We certainly believe that sharing our research ideas and conclusions publicly helps establish clear product philosophy for Xplana. Even more important, however, is the fact that the research observations we share via Xplanation represent a case of “putting our money where our mouth is.” The conclusions we share via our blog are the same conclusions that define our product roadmap and business decisions around the industry. This does not necessarily mean our research is more accurate than the work of others, but it does signify an additional layer of personal and corporate reflection that goes into our work. In a very real sense, our research conclusions lead to specific investment and product features.
With that in mind, here are our Education and Technology Trends for 2010. We present these trends as broader categories and then point to specific topics within each. We will use these trends guidelines for our daily, weekly, and monthly research over the next six months, and will then issue a revised set of trends for the last half of the year.
Historically, content in education has been packaged as a premium (for sale) product and has been acquired on a purchase model. A user buys a piece of content and keeps it or returns it for resale after a term of use.
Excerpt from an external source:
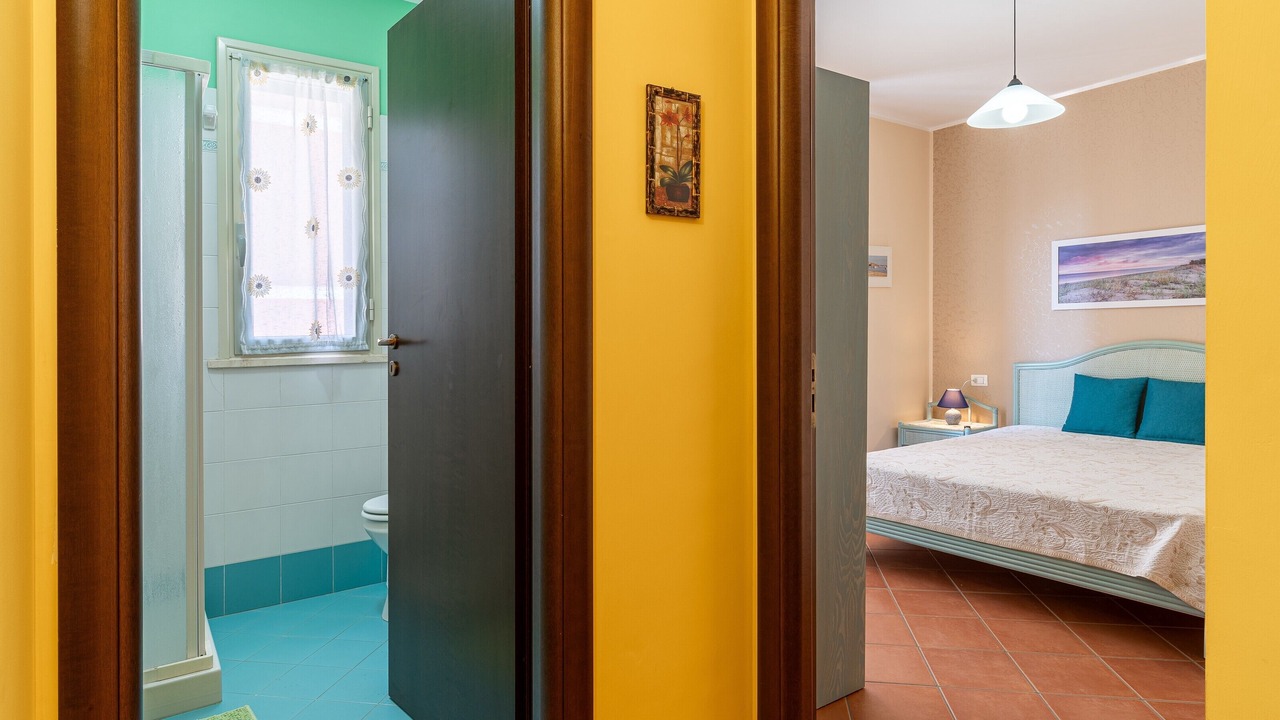 Photo of Bedroom in Portopalo di Capo Passero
As has happened in other media industries, however, the notion of access vs. purchase, and of subscription models in particular, is taking hold. This model is particularly suited for education because most students only use the content for a brief and defined period of time. The subscription model will gain significant traction in 2010, and will challenge publishers’ notion of the value of e-books, production costs, and how they sell to their customers.
Today, learning content is still consumed mostly in container formats — books, courses, LMS platforms, classes, and institutions. Increasingly, however, the notion of content is shifting to smaller, autonomous pieces that can be acquired and reconfigured by the end user in ways that are necessarily independent of traditional educational containers. Just as songs have been disaggregated from albums in the music world, educational content in general will be increasingly disaggregated from its containers in the coming year.
Both learning and learning content are moving away from traditional centripetal models, in which everything happens at set locations and is controlled at the institutional/publisher level (top-down), and moving toward centrifugal models that are learner-focused (bottom-up) and in which learning happens wherever a student happens to be. This means new platform models for learning (post-LMS), greater mobile access, more flexible e-commerce models, and a renewed explosion in generic online learning.
Compared to other industries, education has been relatively slow to push easy-to-use mechanisms for production and distribution down to the individual user. In the coming year, however, we will see professors and students finally gain access to cohesive suites of tools that enable them to produce and distribute their own content on par with that of major publishers (in terms of production quality — for electronic and print materials). Moreover, the marketplaces for sharing this content will also be available so that intrepid end users can become direct, unassisted competitors with multi-billion dollar content providers.